+++ PROVIDED DATA
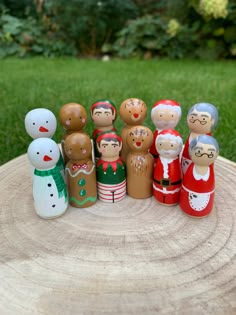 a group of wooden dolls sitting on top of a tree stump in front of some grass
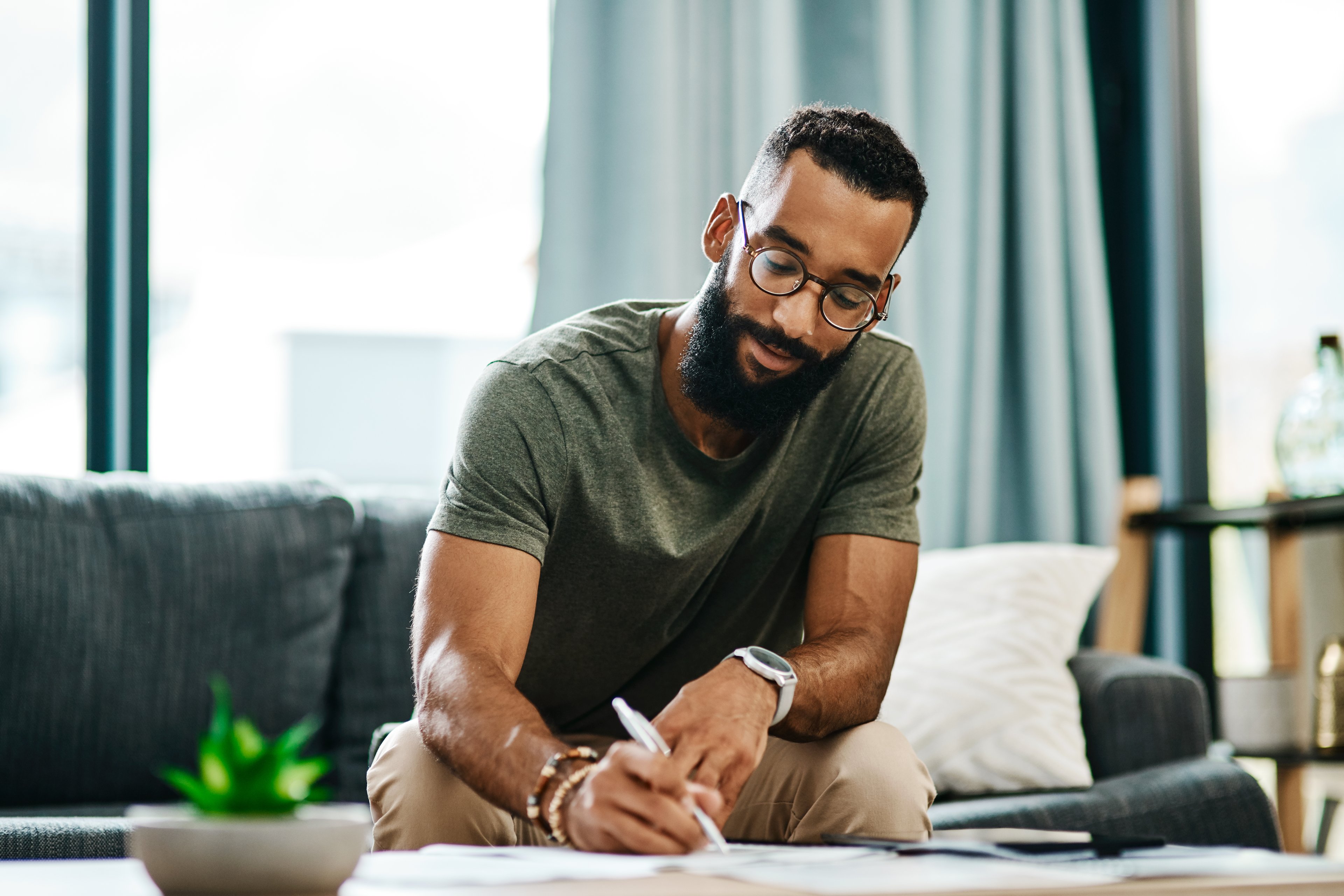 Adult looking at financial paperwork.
++++++
+++ PROVIDED DATA
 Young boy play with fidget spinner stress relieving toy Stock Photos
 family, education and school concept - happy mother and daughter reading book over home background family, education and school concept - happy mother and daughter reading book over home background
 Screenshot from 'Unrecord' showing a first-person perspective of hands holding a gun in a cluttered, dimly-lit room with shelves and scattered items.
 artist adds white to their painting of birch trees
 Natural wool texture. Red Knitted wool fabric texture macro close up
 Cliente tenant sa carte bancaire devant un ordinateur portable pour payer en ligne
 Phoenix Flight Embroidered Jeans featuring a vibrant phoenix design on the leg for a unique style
++++++
+++ PROVIDED DATA
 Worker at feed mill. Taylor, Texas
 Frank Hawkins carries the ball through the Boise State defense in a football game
++++++
_INSTRUCTIONS TO FOLLOW_.
Please transcribe only the lines in the records above running from the line that has "Cliente tenant sa" through the line that has "Phoenix Flight Embroidered", both included, exactly as they appear.

_ANSWER FOR THIS EXERCISE_.
 Cliente tenant sa carte bancaire devant un ordinateur portable pour payer en ligne
 Phoenix Flight Embroidered Jeans featuring a vibrant phoenix design on the leg for a unique style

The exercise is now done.